What the task asks: Without the pictures, set down every line of the data exactly.

___ Provided entries

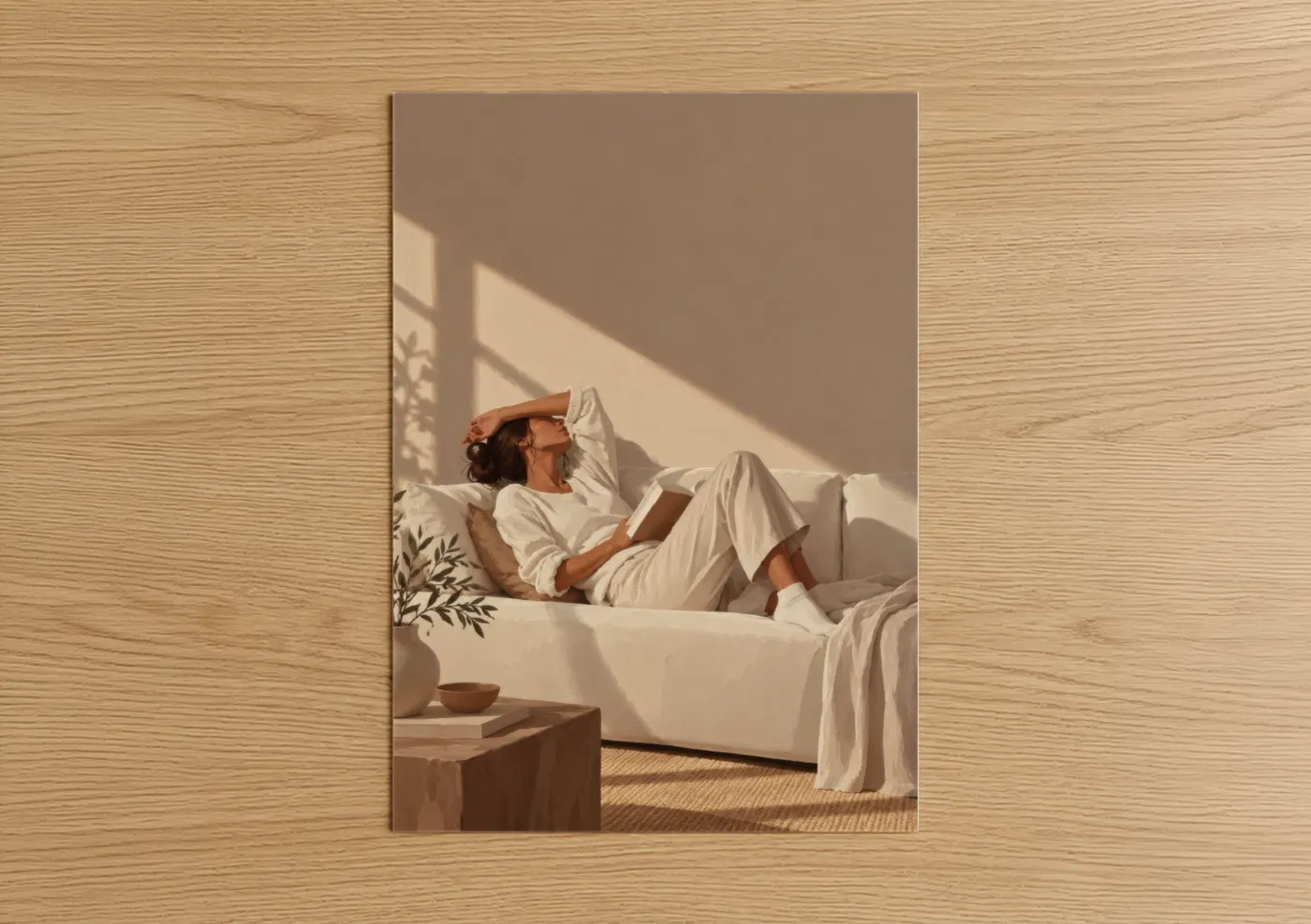 Art print on warm oak wood — beige and cream palette — Serene Reading Moment Wall Art poster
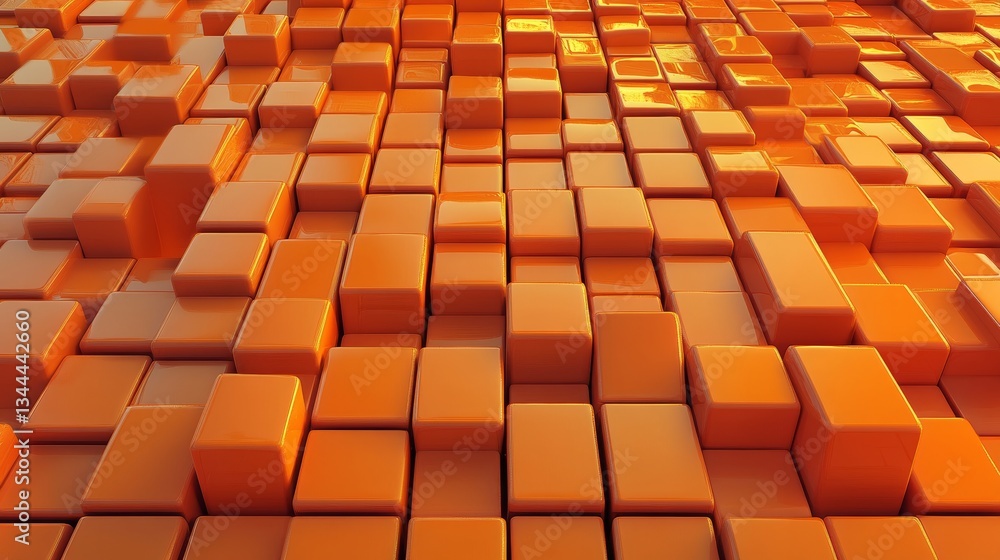 Poster the image is a 3d render of translucent cubes arranged perfectly, with a color scheme of orange and 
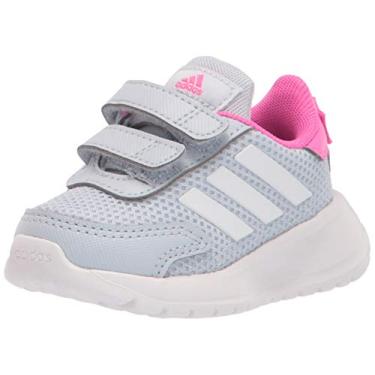 Imagem de adidas Tênis de corrida unissex infantil Tensor, Halo azul/branco/rosa gritante, 18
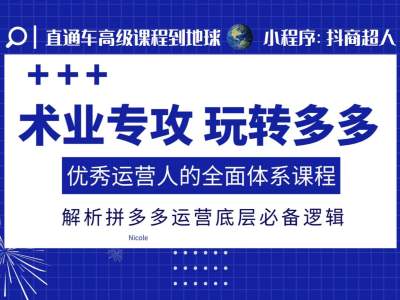 术业专攻玩转多多，优秀运营人的全面体系课程，解析拼多多运营底层必备逻辑云米网创-专注分享网络创业落地实操课程 – 全网首发_高质量项目输出云米网创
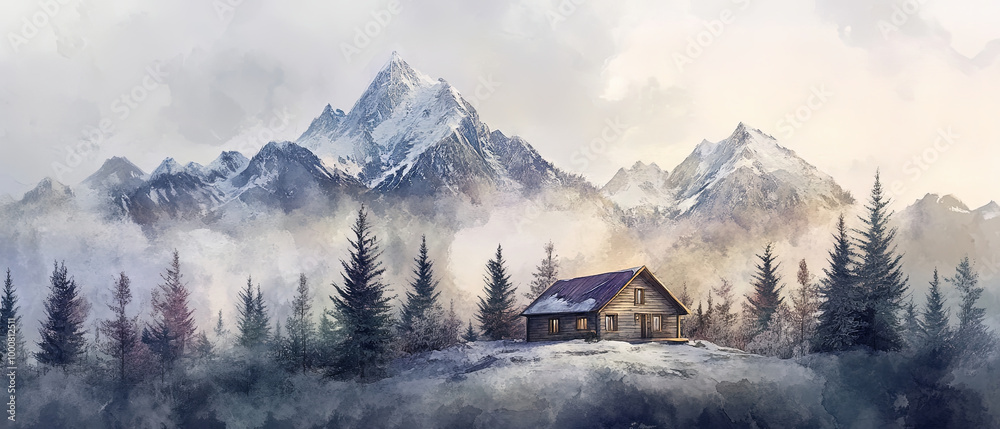 serene mountain home surrounded by snow capped peaks and lush evergreen trees creates tranquil atmosphere. soft colors and misty backdrop evoke sense of peace and solitude serene mountain home surrounded by snow capped peaks and lush evergreen trees creates tranquil atmosphere. soft colors and misty backdrop evoke sense of peace and solitude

______

Exercise answer:
 Art print on warm oak wood — beige and cream palette — Serene Reading Moment Wall Art poster
 Poster the image is a 3d render of translucent cubes arranged perfectly, with a color scheme of orange and 
 Imagem de adidas Tênis de corrida unissex infantil Tensor, Halo azul/branco/rosa gritante, 18
 术业专攻玩转多多，优秀运营人的全面体系课程，解析拼多多运营底层必备逻辑云米网创-专注分享网络创业落地实操课程 – 全网首发_高质量项目输出云米网创
 serene mountain home surrounded by snow capped peaks and lush evergreen trees creates tranquil atmosphere. soft colors and misty backdrop evoke sense of peace and solitude serene mountain home surrounded by snow capped peaks and lush evergreen trees creates tranquil atmosphere. soft colors and misty backdrop evoke sense of peace and solitude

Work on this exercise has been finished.